• [Description of the task]:
Your output should repeat the entries below exactly. It should contain no images.
== == ==
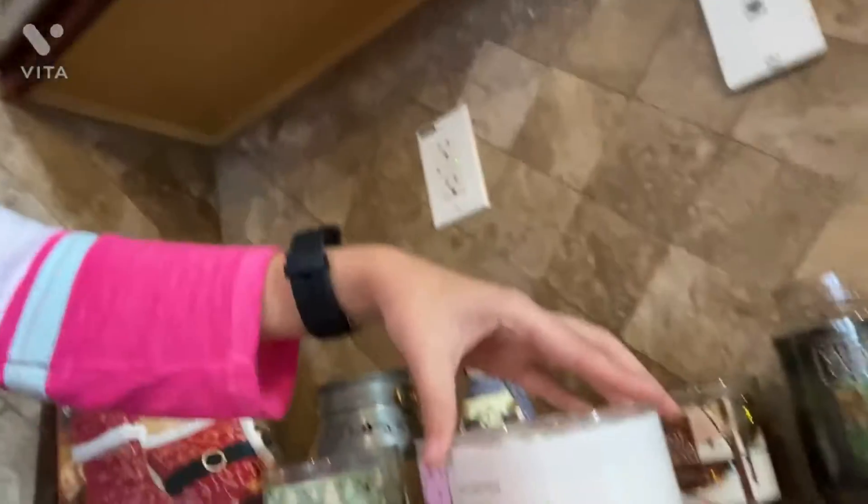I got this one for my mom's birthday — it's like a fall candle, kind of wonderful. And then we have Hot Cocoa and Cream. By the way, the Twisted Peppermint one is my favorite.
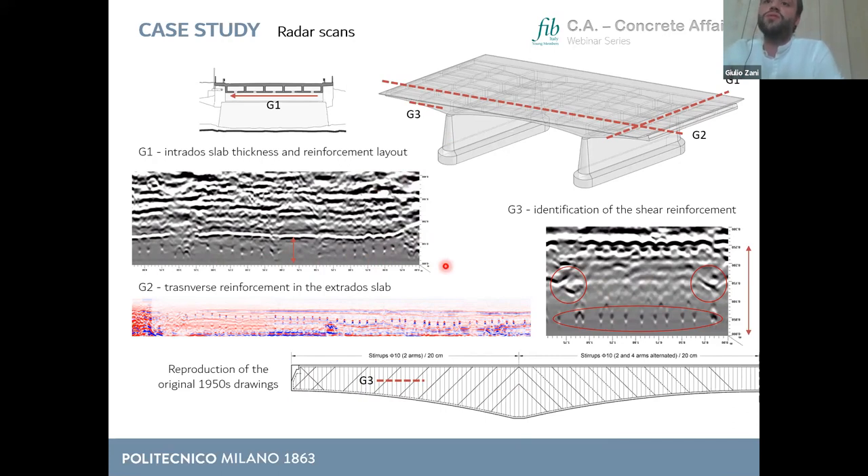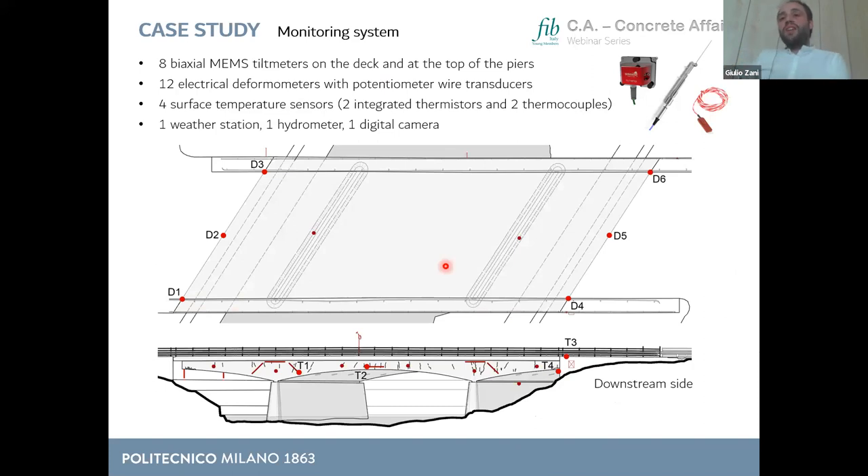Since this is a pilot case study, we also installed a monitoring system about six months ago. We instrumented the two ends of the bridge to monitor vertical displacements, plus a series of deformometers with potentiometric wire transducers placed astride existing cracks to monitor crack opening over time. We also have tilt meters measuring rotation, temperature sensors, a weather station, a hydro-level sensor, and one digital camera to monitor effects of river water flux. The base was fixed on the abutment — assumed as a fixed point with zero displacement — while the transducer heads were anchored to the bridge deck, allowing us to measure net displacement under various loads.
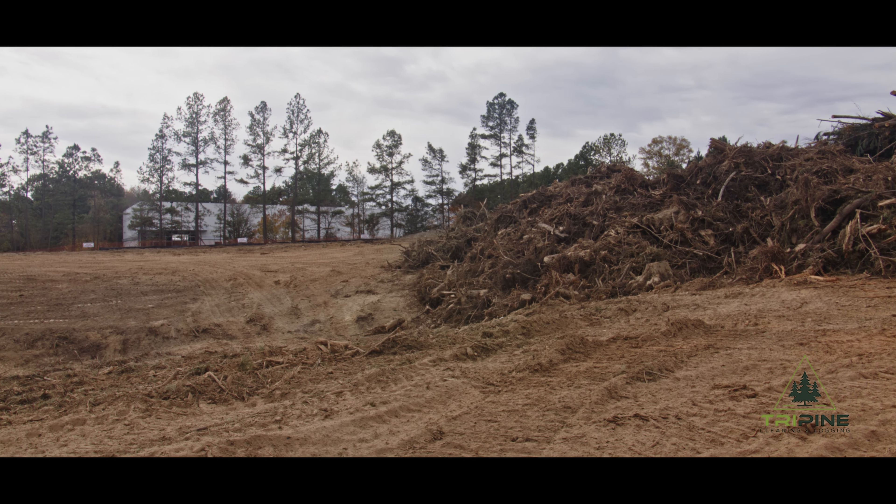As you can see, we've stumped and raked everything and got it all piled up, ready for the grinder and ready for the grading guys to come in and finish up.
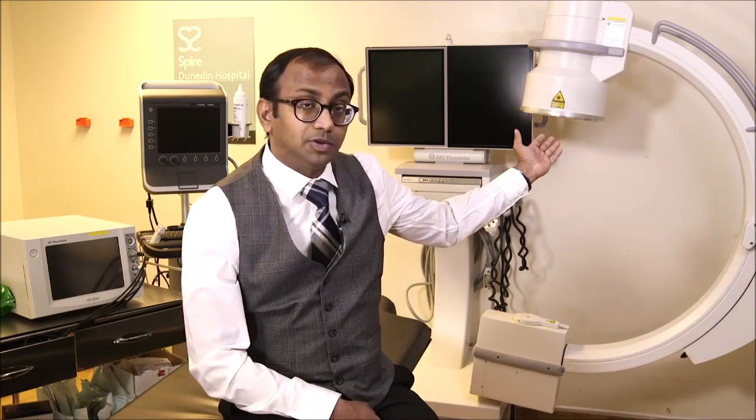Behind me, the big C-shaped machine with the monitor is what we call a C-arm, or an X-ray machine. This is what I use to do a lot of my nerve blocks and epidurals, and this gives good accuracy, good quality, and complete safety when I do these injections.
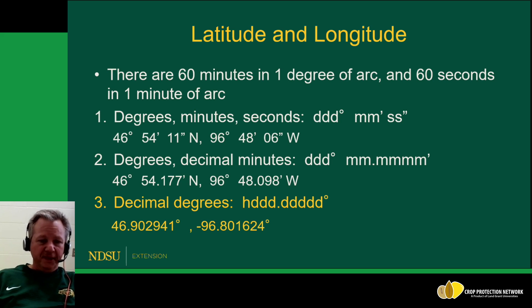Decimal degrees is the format we want to use. The reason is that mapping software like ArcGIS or Google Maps uses that format. It's very easy to enter those values into individual columns within a data spreadsheet — you don't need separate columns for degrees, minutes, and seconds. Note that within decimal degrees, the abbreviations for north and west disappear; those are replaced by the plus or minus signs.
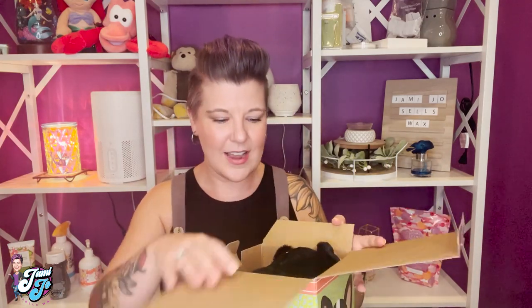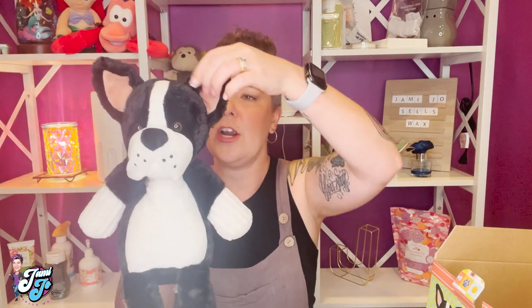Today I am going to share with you the brand new Scentsy Buddy. I have so many friends that are going to squeal with delight when they see this — we have a French Bulldog Scentsy Buddy! I know they are going to absolutely love Frankie the French Bulldog. Let's grab him out of his box and show you all the features. How cute is he? I absolutely love him!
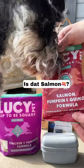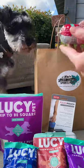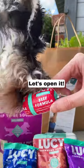Looks like we have some dog food samples. Even more dog food. Oh wow, and this looks like a special treat. I've never seen dog food packaged like that.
== == ==
• [Response to the task]:
I got this one for my mom's birthday — it's like a fall candle, kind of wonderful. And then we have Hot Cocoa and Cream. By the way, the Twisted Peppermint one is my favorite.
Since this is a pilot case study, we also installed a monitoring system about six months ago. We instrumented the two ends of the bridge to monitor vertical displacements, plus a series of deformometers with potentiometric wire transducers placed astride existing cracks to monitor crack opening over time. We also have tilt meters measuring rotation, temperature sensors, a weather station, a hydro-level sensor, and one digital camera to monitor effects of river water flux. The base was fixed on the abutment — assumed as a fixed point with zero displacement — while the transducer heads were anchored to the bridge deck, allowing us to measure net displacement under various loads.
As you can see, we've stumped and raked everything and got it all piled up, ready for the grinder and ready for the grading guys to come in and finish up.
Behind me, the big C-shaped machine with the monitor is what we call a C-arm, or an X-ray machine. This is what I use to do a lot of my nerve blocks and epidurals, and this gives good accuracy, good quality, and complete safety when I do these injections.
Decimal degrees is the format we want to use. The reason is that mapping software like ArcGIS or Google Maps uses that format. It's very easy to enter those values into individual columns within a data spreadsheet — you don't need separate columns for degrees, minutes, and seconds. Note that within decimal degrees, the abbreviations for north and west disappear; those are replaced by the plus or minus signs.
Today I am going to share with you the brand new Scentsy Buddy. I have so many friends that are going to squeal with delight when they see this — we have a French Bulldog Scentsy Buddy! I know they are going to absolutely love Frankie the French Bulldog. Let's grab him out of his box and show you all the features. How cute is he? I absolutely love him!
Looks like we have some dog food samples. Even more dog food. Oh wow, and this looks like a special treat. I've never seen dog food packaged like that.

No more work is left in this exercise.